Persistent Systems recently inaugurated its first office in Poland to expand its nearshore capabilities in Europe. The office is situated in Kraków, this new office will be the latest addition to the company’s growing global delivery network. This delivery center will play a crucial role in driving digital transformation for clients across industries and provide local IT professionals ample opportunities to advance their careers by building cutting-edge software products and digital solutions.
Persistent Systems plans to expand the engineering center with a wide variety of skills such as cloud and product engineering, data and analytics, as well as customer experience experts. The company aims to leverage these skills and build on its digital engineering expertise by recruiting skilled personnel in various roles from the country.
The technology industry in Poland is thriving, given its central location in Europe, economic growth, start-up ecosystem and growing interest from hyperscalers who are establishing their operations in Poland.

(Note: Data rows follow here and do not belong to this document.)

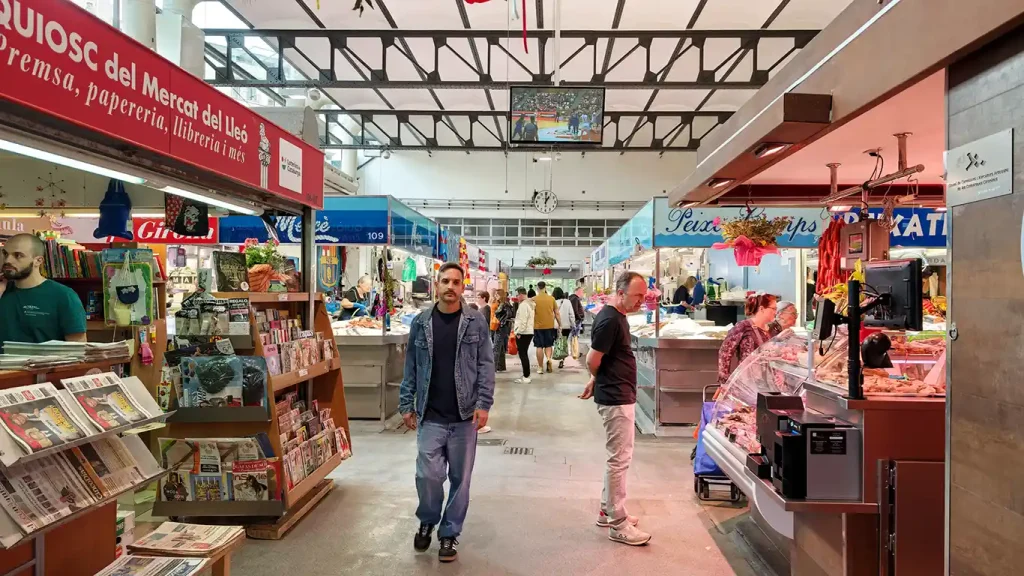 Puestos del Mercat del Lleó para comer y comprar comida en Temps de Flors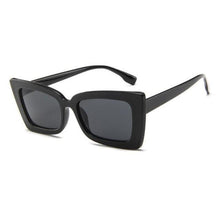 Load image into Gallery viewer, Retro Square Pointed Sunglasses Sunglasses Black Black

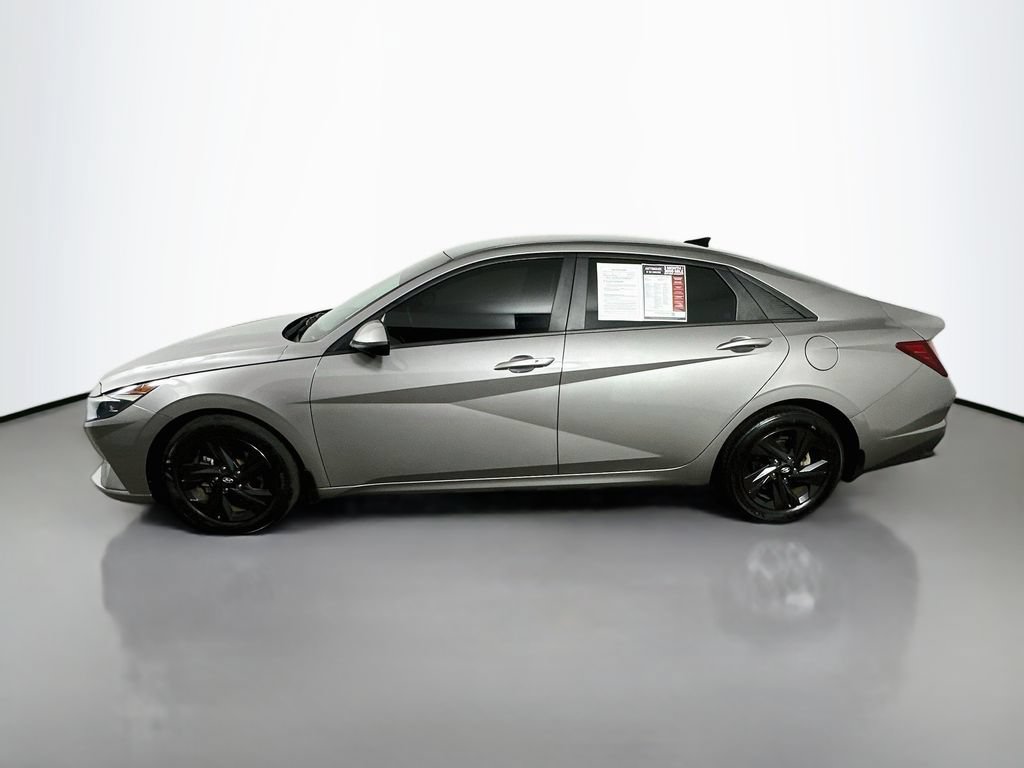 Used 2023 Hyundai Elantra SEL FWD image 5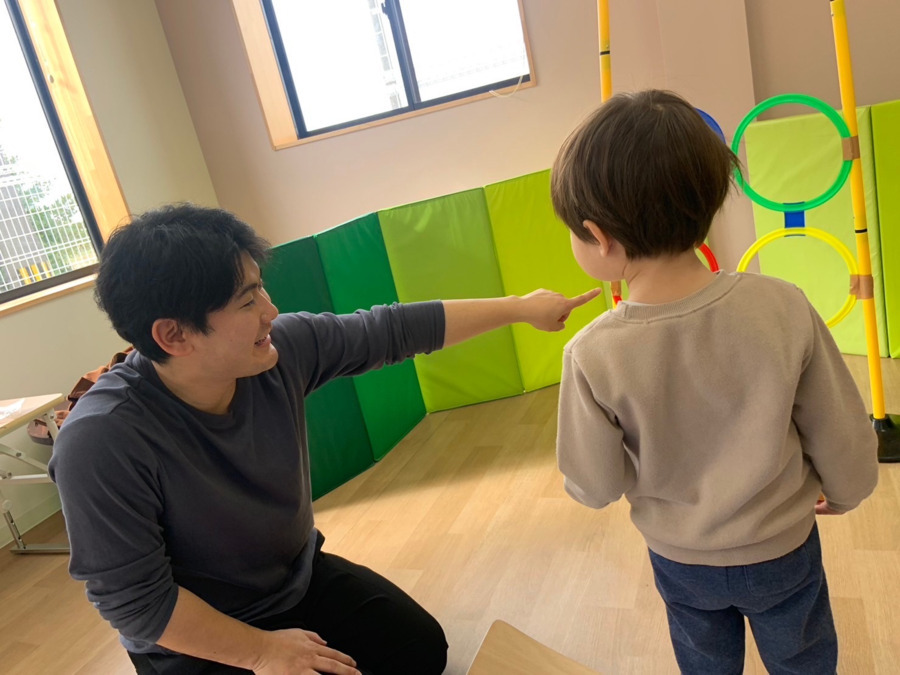 児童発達支援・放課後等デイサービスSOALA 南ケ丘校(児童指導員/指導員の求人)の写真:"こどもの人生を変えるきっかけになれるかも"とわくわくしながら働いています♪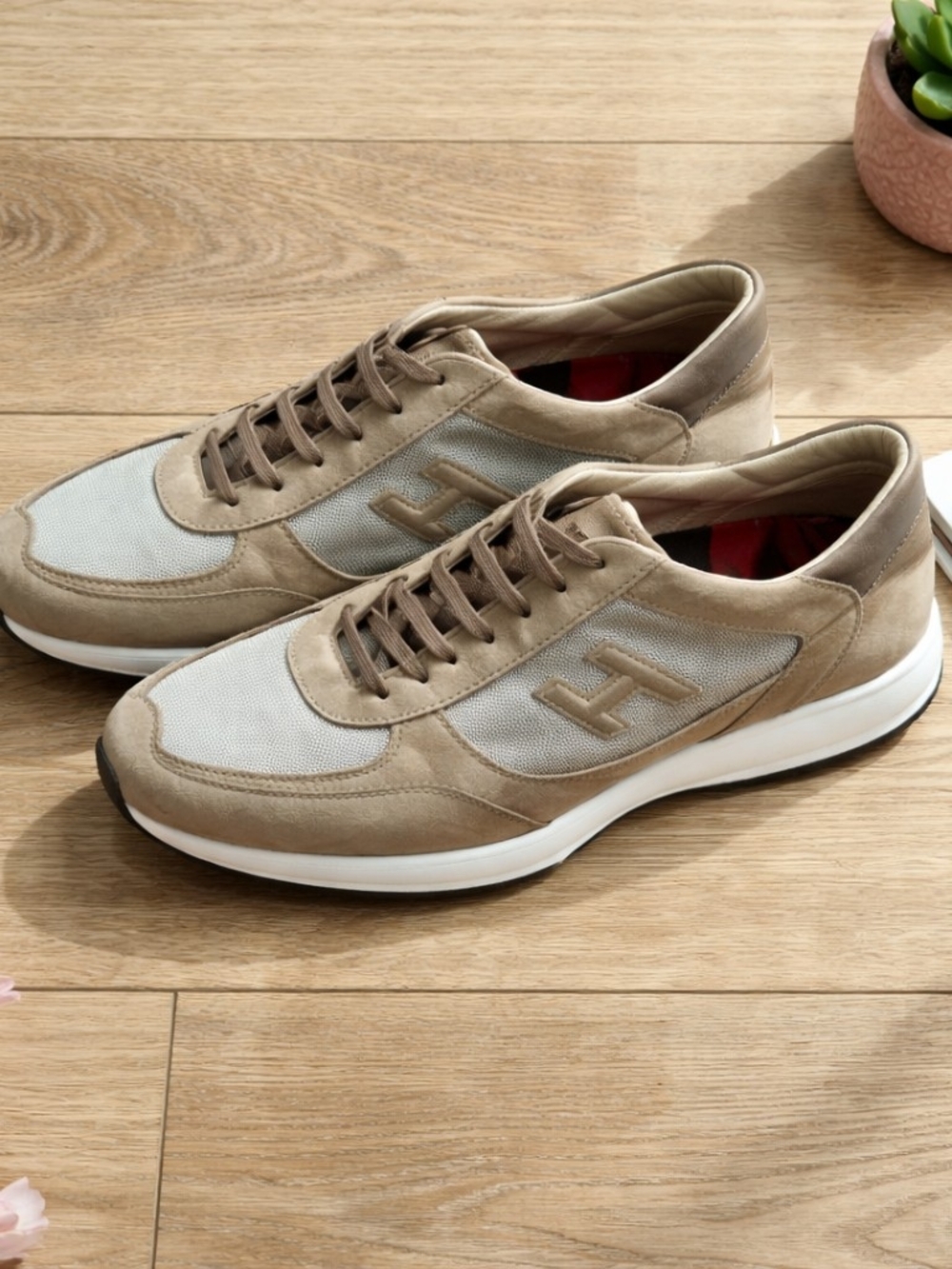 Hogan Luxury Beige Suede Italian Sneakers Men's 10 Very
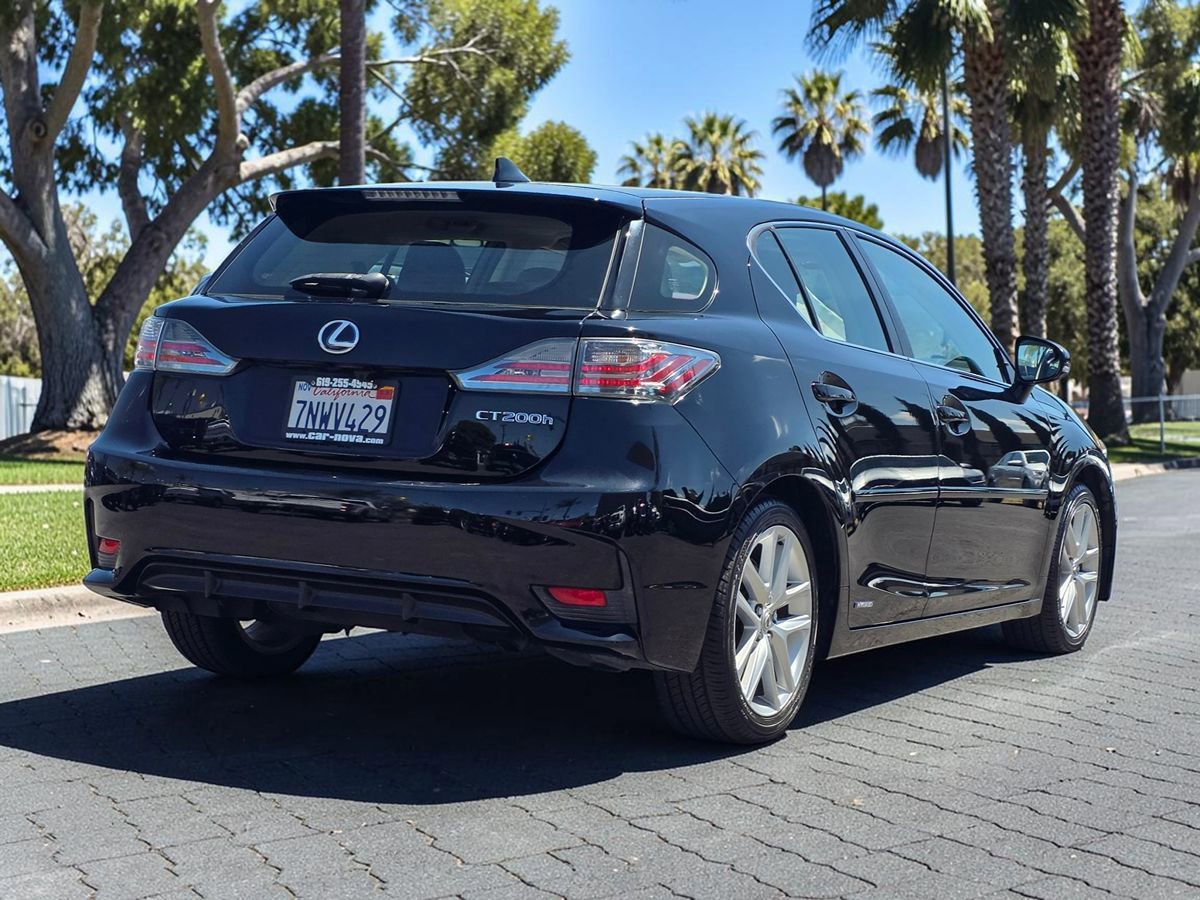 Used 2015 Lexus CT 200h FWD image 7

On Monday, the stock opened at Rs 4,919.95, with a high and low of Rs 5,051.00 and Rs 4,889.05 respectively. The stock closed at Rs 5,037.70, up 3.07%. The stock has a 52-week high of Rs 5,131.15 and a 52-week low of Rs 3,091.65.
Technically, the stock has broken out from its 73-week cup and handle pattern supported by good volumes. Such a breakout is deemed positive over a medium-long term picture. The momentum oscillators also show strong upside momentum in the stock.
Persistent Systems provides software engineering and strategy services to help companies implement and modernize their businesses. It has its own software and frameworks with pre-built integration and acceleration. The company is having depth of experience in the focused areas of telecommunications, life sciences and infrastructure and systems. It has invested and plans to continuously invest in new technologies and frameworks in the areas of cloud computing, analytics, enterprise collaboration and enterprise mobility.